If more than one new price arrives on background threads in between dispatcher time slices, there is no point displaying anything but the most recent price – in fact we want the UI to “catch up” by dropping all but the most recent undisplayed price.

So the operation is like an ObserveOn that drops all but the most recent events. Here’s a picture of what’s happening – notice how price 2 is dropped and how prices are only published during the dispatcher time slice:

Here is the code (by the way, if you’re not sure what Materialize and Accept are, I wrote about these here):

public static IObservable<T> ObserveLatestOn<T>(
    this IObservable<T> source, IScheduler scheduler)
{
return Observable.Create<T>(observer =>
    {
    Notification<T> outsideNotification = null;
    var gate = new object();
    bool active = false;
    var cancelable = new MultipleAssignmentDisposable();
    var disposable = source.Materialize().Subscribe(thisNotification =>
    {
        bool wasNotAlreadyActive;
	lock (gate)
	{
	    wasNotAlreadyActive = !active;
	    active = true;
	    outsideNotification = thisNotification;
	}

	if (wasNotAlreadyActive)
	{
	    cancelable.Disposable = scheduler.Schedule(self =>
            {
                Notification<T> localNotification = null;
                lock (gate)
                {
                    localNotification = outsideNotification;
                    outsideNotification = null;
                }
                localNotification.Accept(observer);
                bool hasPendingNotification = false;
                lock (gate)
                {
                    hasPendingNotification = active = (outsideNotification != null);
                }
                if (hasPendingNotification)
                {
                     self();
                }
            });
        }
    });
    return new CompositeDisposable(disposable, cancelable);
});
}

The key idea here is that we keep track of the notification to be pushed on to the target scheduler in pendingNotification – and whenever an event is received, we swap the pendingNotification for the new notification. We ensure the new notification will be scheduled for dispatch on the target scheduler – but we may not need to do this…
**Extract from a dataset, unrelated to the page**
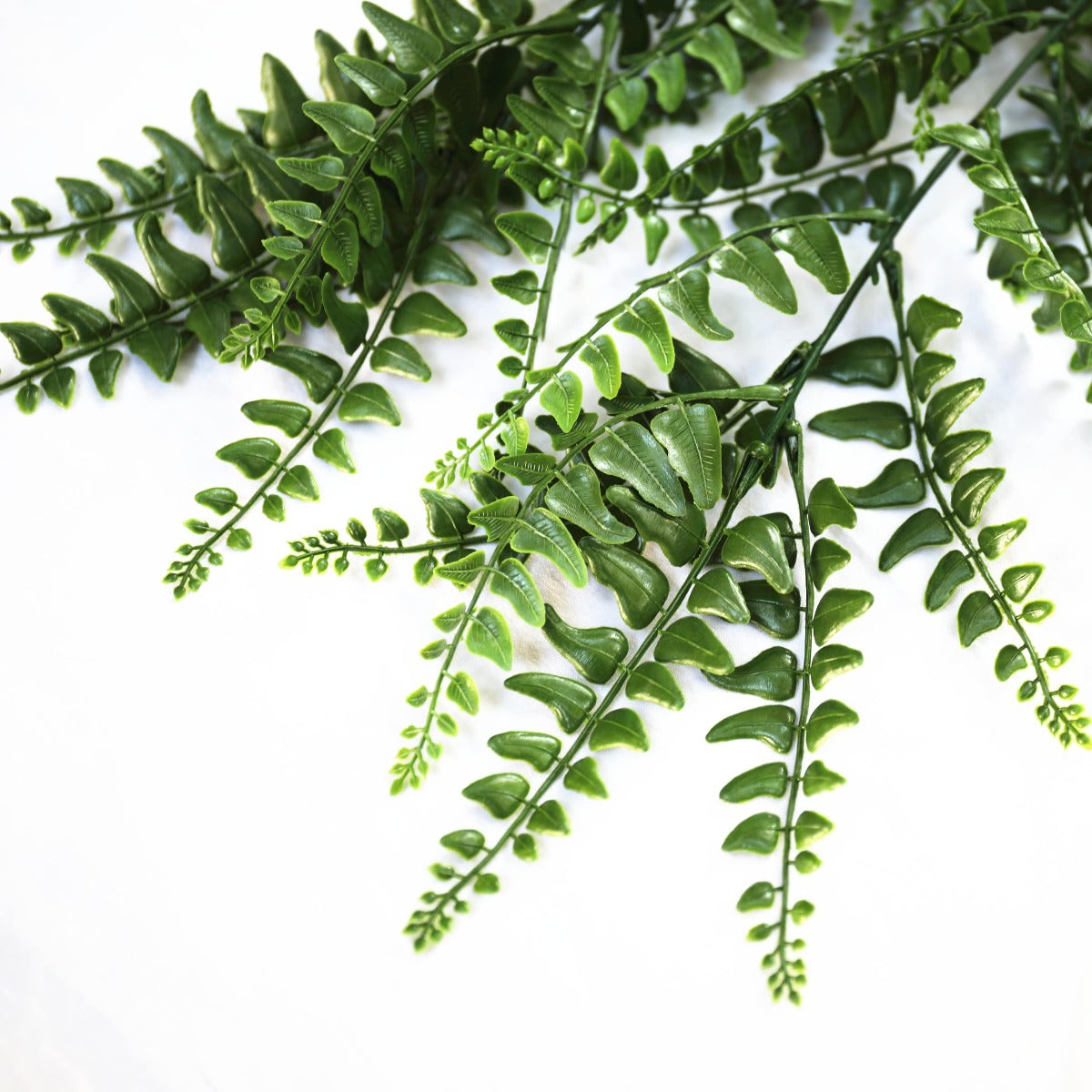 A lush, realistic UV Resistant Dense Hanging Fern measuring 90cm, perfect for indoor and outdoor decor, showcasing vibrant green leaves.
If the previousNotification is null we know that either (a) there was no previous notification as this is the first one or (b) the previousNotification was already dispatched. How to we know this? Because in the scheduler action that does the dispatch we swap the pendingNotification for null! So if previousNotification is null, we know we must schedule a new dispatch action.

This approach keeps the checks, locks and scheduled actions to a minimum.

Notes and credits:

I’ve gone round the houses a few times on this implementation – my own attempts to improve it to use CAS rather than lock ran into bugs, so the code below is largely due to Lee Campbell, and edited for RX 2.0 support by Wilka Hudson. For an interesting discussion on this approach see this thread on the official RX forum.